彼はまたジェームズ・レッドフィールドによる人気のニューエイジ思想書『The Celestine Prophecy』(邦題『聖なる予言』角川書店 )に深く傾倒し、神秘的なエネルギーフィールドの存在と、振動を利用して人生を変えより高い次元に上がることに強い関心を抱いていたという。
すっかり“スピリチュアル”な人物になってしまった当時のクレイマーだが、1995年2月に彼と一緒にハイキングに行った妻のジェニファーは次のように振り返っている。
「私たちは我が家のそばの丘の頂上までハイキングに行きました。頂上から下を見渡せば、私たちが住んでいる街全体を見ることができます。近くの大学に属する丘の上には十字架がありました。そして彼は十字架を指さし『ほら、ハニー、私たちの家はこの十字架の道にある』と言いました。彼は日常生活のすべてに神聖な意味を見いだしていたのです」(ジェニファー)
このハイキングの翌日にあたる1995年2月12日、クレイマーは自動車を運転して義父を訪ね、その後、ロサンゼルス国際空港へ取引先の投資家であるグレッグ・マティーニとその夫人を迎えに行った。
夫妻の乗った旅客機が到着するずいぶん前に空港に到着したクレイマーは妻、仕事仲間、元アイアンバタフライのドラマーで親友のロン・ブッシーなど、さまざまな人々に合計17回もの電話をかけたことが通話記録から判明している。
電話を受けた者によれば、クレイマーは泣いていたようであり、強いストレスと恐怖を感じているようであったという。

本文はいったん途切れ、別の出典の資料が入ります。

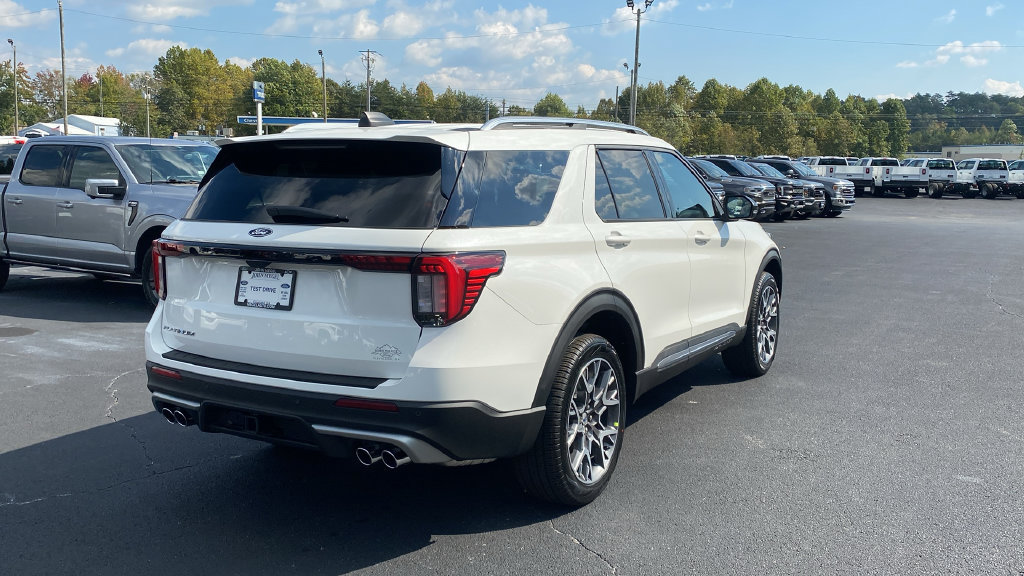 New 2027 Ford Explorer Platinum w/ 3.0L Ultimate Package AWD/4WD image 5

その後のクレイマーの言動も不可解で、マティーニ夫妻をここで迎えずに後に夫妻が泊まるホテルに会いに行くと言ってみたり、妻には「大きな驚きがある」とほのめかし、自殺をするつもりであると口にしたり、O・J・シンプソンは無実であると主張したりしていたのである。そしてその後、クレイマーの消息はプッツリと途絶えることになる。